MARTIN: Make it so totally different from anything that we've seen.
Mr. SEFTEL: Exactly. And so we had to raise the absurdity level at times to make these scenes funny. And that was the challenge but it's, you know, sometimes you get it, sometimes you don't. But that was the challenge for sure.
MARTIN: Well, the movie's called "War, Incorporated." The director Josh Seftel - and actually we'd be remiss if we did not mention that you have - we have a mutual friend in common. There's an NPR connection, right? A woman named Kee Malesky, I understand you know.
Mr. SEFTEL: That's correct. My last film, which was a short film, was a satirical comedy called "Breaking the Mold: - The Kee Malesky Story." Some people might recognize that name if you listen to NPR because she's one of the staff librarians there.
MARTIN: She's the head NPR librarian, and she is usually based in D.C. She happens to be in New York.
KEE MALESKY: That's not my job title. Now you're getting in trouble with my boss.

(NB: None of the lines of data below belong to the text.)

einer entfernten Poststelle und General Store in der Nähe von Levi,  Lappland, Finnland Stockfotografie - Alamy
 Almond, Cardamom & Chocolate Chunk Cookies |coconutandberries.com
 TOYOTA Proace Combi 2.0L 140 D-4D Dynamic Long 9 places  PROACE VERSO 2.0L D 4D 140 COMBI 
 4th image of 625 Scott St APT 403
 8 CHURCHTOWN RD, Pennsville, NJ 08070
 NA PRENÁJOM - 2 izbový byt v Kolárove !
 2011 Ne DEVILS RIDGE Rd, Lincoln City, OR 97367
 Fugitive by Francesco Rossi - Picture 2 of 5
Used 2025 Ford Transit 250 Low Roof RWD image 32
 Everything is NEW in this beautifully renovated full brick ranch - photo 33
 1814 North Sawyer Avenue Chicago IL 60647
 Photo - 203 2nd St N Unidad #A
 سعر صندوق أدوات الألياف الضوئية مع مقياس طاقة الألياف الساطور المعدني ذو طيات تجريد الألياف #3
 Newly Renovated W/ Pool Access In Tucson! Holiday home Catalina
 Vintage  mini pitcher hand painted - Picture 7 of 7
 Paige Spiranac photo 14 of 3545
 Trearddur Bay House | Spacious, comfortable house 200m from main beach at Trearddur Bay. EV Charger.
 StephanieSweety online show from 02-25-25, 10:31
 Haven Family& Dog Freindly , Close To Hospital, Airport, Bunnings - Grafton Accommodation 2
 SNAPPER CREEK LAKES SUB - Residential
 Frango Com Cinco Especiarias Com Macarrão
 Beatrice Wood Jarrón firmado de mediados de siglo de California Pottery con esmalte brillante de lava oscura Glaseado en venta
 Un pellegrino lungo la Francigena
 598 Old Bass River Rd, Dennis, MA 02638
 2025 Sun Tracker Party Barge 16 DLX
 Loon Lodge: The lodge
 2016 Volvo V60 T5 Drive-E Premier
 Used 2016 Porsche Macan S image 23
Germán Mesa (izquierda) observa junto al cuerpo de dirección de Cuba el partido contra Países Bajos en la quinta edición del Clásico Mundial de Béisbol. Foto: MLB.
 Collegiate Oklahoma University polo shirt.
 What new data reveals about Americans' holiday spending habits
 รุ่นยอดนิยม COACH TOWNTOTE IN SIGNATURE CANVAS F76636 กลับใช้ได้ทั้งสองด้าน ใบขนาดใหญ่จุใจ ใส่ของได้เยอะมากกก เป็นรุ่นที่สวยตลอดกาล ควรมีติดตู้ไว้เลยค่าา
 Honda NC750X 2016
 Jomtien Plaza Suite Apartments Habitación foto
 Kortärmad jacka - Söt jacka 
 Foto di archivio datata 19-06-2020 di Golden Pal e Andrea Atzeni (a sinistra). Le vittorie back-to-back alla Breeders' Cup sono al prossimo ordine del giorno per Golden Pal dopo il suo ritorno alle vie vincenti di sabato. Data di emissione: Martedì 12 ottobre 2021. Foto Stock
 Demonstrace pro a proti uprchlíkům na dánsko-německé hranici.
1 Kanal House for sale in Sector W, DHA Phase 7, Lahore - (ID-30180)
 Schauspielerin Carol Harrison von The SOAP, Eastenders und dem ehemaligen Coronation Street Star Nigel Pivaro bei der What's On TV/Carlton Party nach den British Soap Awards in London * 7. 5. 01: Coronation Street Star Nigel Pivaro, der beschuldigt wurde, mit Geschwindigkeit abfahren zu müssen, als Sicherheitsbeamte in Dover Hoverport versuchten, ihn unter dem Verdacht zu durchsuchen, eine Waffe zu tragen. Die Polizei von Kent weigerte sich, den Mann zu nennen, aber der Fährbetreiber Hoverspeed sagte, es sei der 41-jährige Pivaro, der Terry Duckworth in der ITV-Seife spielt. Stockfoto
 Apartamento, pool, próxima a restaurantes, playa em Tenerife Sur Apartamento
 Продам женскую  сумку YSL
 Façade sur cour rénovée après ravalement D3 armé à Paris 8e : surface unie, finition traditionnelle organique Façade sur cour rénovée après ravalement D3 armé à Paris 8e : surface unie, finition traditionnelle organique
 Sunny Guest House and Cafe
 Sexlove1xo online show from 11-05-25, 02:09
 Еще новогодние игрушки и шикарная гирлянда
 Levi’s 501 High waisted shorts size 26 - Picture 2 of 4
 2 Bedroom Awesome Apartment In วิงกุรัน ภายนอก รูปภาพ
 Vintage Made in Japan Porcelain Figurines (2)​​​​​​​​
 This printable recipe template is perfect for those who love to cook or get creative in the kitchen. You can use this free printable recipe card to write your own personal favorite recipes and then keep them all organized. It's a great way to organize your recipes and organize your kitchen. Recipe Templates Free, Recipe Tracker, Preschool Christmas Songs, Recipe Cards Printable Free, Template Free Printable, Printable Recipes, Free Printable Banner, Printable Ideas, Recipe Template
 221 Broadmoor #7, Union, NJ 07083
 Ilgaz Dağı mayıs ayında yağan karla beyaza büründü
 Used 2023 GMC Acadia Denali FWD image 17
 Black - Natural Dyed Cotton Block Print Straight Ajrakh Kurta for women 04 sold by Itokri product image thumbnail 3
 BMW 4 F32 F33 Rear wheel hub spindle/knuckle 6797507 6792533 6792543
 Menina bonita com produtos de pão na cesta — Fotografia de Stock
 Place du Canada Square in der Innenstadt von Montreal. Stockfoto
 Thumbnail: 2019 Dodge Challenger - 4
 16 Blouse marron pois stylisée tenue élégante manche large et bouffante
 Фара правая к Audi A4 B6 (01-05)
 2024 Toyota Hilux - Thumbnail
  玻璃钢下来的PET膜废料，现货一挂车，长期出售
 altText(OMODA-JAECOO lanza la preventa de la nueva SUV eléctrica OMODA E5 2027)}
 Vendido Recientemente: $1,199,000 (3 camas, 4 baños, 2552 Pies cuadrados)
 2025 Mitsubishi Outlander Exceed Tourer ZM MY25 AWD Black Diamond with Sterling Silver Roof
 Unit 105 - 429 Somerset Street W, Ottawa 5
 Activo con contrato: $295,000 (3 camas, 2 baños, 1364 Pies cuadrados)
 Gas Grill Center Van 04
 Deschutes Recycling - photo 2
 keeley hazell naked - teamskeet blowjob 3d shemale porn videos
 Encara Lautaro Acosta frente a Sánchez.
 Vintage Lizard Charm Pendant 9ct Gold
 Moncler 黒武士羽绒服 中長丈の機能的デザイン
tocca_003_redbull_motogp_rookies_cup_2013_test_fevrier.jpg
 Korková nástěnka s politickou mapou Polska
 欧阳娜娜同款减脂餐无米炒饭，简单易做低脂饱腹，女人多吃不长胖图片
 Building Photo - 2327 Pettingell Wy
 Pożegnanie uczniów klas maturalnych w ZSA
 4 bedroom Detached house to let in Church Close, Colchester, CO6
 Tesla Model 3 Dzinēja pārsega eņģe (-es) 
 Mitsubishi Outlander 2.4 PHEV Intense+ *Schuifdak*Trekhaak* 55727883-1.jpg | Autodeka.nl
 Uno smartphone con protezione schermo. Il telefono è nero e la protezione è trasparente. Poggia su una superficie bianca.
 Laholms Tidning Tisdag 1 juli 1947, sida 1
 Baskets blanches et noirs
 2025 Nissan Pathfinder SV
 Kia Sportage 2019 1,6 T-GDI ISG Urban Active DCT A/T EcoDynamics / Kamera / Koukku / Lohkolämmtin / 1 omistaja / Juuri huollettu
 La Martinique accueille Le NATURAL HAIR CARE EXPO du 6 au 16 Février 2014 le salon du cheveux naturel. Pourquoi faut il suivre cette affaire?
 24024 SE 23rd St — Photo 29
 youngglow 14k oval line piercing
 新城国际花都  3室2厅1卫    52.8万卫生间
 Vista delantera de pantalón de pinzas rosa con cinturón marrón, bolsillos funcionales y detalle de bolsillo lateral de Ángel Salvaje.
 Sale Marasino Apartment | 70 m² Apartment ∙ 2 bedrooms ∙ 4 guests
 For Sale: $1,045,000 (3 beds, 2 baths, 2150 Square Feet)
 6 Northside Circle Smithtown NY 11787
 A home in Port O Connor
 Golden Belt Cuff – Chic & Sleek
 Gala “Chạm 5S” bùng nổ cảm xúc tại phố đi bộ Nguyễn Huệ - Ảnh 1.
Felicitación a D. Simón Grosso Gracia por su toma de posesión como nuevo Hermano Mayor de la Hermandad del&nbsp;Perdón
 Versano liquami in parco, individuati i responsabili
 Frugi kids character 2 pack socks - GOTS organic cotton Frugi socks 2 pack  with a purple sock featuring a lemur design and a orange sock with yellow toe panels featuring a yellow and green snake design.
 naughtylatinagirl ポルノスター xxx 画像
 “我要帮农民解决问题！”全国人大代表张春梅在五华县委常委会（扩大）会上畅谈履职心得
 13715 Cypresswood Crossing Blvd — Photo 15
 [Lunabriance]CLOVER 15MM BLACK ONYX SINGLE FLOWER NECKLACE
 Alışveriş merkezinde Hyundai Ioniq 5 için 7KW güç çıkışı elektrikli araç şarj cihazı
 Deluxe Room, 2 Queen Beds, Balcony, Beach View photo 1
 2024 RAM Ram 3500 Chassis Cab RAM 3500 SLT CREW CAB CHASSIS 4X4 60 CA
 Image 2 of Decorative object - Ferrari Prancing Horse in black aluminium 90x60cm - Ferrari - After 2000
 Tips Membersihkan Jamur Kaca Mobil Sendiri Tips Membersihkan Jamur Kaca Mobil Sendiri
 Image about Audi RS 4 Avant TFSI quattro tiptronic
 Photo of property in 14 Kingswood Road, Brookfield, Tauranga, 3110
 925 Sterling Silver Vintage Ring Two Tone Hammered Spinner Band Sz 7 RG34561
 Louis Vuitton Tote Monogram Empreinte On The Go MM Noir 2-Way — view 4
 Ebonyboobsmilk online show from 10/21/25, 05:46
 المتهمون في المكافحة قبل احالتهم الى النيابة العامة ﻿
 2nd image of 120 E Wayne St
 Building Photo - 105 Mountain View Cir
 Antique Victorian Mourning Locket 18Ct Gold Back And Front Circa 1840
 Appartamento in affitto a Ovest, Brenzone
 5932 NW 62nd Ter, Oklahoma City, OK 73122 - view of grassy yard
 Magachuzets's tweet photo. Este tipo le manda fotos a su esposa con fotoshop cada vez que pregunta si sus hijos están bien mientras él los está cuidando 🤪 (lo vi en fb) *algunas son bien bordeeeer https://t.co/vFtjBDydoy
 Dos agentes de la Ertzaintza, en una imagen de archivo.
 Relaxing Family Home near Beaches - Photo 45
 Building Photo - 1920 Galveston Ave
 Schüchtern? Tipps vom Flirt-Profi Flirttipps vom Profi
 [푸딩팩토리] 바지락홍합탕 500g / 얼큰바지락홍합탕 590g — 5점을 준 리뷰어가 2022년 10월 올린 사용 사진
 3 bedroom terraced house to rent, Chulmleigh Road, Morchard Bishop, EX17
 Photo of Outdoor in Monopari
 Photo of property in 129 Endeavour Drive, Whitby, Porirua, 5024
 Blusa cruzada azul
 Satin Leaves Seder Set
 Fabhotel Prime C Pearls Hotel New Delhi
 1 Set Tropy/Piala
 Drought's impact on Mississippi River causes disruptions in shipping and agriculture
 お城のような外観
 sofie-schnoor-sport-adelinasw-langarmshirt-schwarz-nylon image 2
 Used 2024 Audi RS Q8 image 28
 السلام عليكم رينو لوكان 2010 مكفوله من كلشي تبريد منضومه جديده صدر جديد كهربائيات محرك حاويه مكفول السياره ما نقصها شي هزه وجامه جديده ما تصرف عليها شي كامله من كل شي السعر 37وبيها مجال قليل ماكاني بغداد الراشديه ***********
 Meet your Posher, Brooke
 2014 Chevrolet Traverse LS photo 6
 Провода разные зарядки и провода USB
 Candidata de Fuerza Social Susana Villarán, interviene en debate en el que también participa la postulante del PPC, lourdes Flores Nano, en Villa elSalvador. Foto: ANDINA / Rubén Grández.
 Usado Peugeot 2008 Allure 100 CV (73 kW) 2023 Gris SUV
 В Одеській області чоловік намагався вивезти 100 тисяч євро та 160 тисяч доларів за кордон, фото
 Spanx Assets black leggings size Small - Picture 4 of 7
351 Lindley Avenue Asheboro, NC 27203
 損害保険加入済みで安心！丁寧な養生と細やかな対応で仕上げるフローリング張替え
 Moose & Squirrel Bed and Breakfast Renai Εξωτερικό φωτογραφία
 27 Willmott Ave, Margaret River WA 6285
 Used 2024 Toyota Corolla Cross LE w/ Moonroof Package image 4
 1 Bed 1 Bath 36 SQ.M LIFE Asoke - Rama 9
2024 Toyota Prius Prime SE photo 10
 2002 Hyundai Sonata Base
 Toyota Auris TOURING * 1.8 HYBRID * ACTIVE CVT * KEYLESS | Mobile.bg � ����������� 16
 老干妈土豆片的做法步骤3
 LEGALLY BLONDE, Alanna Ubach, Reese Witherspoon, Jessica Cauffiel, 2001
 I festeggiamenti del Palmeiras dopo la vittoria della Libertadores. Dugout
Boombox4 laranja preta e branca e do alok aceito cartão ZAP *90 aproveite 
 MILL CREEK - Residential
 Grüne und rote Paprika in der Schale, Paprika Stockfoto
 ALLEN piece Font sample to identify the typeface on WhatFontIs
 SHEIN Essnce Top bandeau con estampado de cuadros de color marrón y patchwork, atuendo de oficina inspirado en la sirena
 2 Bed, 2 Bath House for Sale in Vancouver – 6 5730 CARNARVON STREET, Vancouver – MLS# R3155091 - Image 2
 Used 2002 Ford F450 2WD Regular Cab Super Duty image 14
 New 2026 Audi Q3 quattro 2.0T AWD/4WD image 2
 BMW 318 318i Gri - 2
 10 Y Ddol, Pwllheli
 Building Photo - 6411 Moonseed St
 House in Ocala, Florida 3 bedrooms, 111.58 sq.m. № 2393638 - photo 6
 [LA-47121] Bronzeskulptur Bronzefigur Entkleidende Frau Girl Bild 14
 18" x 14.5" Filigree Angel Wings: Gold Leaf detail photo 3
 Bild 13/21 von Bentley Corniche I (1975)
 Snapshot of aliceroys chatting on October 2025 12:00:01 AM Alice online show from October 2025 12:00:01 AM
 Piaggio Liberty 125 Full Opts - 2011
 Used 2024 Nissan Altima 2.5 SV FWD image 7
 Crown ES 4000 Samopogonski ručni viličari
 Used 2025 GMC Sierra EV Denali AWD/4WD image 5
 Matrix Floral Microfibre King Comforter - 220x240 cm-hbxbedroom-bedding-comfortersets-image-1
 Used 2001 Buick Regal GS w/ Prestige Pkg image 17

MARTIN: Here's Kee. Oh, no!
MALESKY: I'm not the head librarian.
MARTIN: She's not the head librarian. What are you, Kee?
MALESKY: I'm not the head librarian. I'm just the oldest librarian.
MARTIN: Oh, you're the oldest!
MALESKY: For many centuries.
MARTIN: What a surprise. It's like "This Is Your Life."
MALESKY: This is my life!
MARTIN: We had a little, small-world moment because yesterday, Kee was in the studio and I said, Kee, we're doing this interview with Josh Seftel. And she said, oh my gosh, I'm his muse.
MALESKY: I know him.
MARTIN: I mean, he was basically...
MALESKY: I made him famous.
Mr. SEFTEL: She was the muse, yes.
MARTIN: She was the muse for your movie based on a young - a fictional account, we should point out.
Mr. SEFTEL: Yeah, what happened was, I was making a film for public TV that was a comedy and I wanted the protagonist to be a librarian.
MARTIN: And unfortunately, we're going to have to, what we'll do, we'll put a little summary of the Kee Malesky story on the Web site because unfortunately we have run out of time. But we did want to bring you two together to have a special little reunion. Josh Seftel is the director of "War, Incorporated." It's at the Tribeca Film Festival going on in New York right at this moment. We appreciate both of you coming in today. And that's it. For this hour of the BPP. We are always online at npr.org/bryantpark. I'm Rachel Martin.
PESCA: And I'm Mike Pesca. This is The Bryant Park Project from NPR News.